Instructions to follow> Repeat verbatim, and only, the lines of the data below, beginning at the line that contains "11 W 2nd Street, Freeport, NY 11520" and stopping after the line that contains "ベクエムハウゼ外観写真1".

── Dataset records ──

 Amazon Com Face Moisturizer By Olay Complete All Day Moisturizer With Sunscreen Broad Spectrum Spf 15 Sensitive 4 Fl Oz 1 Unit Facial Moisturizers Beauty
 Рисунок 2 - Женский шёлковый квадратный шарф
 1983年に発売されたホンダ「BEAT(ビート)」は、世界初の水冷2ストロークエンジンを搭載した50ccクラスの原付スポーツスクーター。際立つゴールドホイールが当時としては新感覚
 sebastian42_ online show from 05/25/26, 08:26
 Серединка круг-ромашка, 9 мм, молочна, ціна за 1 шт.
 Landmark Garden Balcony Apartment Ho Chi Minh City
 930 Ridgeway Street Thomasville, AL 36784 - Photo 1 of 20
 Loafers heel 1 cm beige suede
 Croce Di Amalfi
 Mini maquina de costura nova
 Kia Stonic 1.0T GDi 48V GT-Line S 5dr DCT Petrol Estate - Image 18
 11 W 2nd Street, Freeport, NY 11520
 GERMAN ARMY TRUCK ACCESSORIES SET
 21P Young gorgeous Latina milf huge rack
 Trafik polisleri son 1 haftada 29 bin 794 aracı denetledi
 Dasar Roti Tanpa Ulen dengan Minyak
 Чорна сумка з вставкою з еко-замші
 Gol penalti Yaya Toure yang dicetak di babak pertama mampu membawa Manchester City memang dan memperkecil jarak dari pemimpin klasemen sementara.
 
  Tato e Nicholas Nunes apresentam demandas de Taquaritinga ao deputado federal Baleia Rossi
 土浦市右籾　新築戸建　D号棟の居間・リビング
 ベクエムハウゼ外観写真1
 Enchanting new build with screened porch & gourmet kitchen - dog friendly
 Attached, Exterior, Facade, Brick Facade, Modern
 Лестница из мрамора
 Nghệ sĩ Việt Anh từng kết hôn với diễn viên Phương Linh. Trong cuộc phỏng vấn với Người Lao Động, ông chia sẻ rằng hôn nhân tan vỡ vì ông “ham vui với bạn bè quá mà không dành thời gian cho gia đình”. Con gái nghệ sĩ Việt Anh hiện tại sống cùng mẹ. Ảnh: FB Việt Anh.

───

Result for this exercise>
 11 W 2nd Street, Freeport, NY 11520
 GERMAN ARMY TRUCK ACCESSORIES SET
 21P Young gorgeous Latina milf huge rack
 Trafik polisleri son 1 haftada 29 bin 794 aracı denetledi
 Dasar Roti Tanpa Ulen dengan Minyak
 Чорна сумка з вставкою з еко-замші
 Gol penalti Yaya Toure yang dicetak di babak pertama mampu membawa Manchester City memang dan memperkecil jarak dari pemimpin klasemen sementara.
 
  Tato e Nicholas Nunes apresentam demandas de Taquaritinga ao deputado federal Baleia Rossi
 土浦市右籾　新築戸建　D号棟の居間・リビング
 ベクエムハウゼ外観写真1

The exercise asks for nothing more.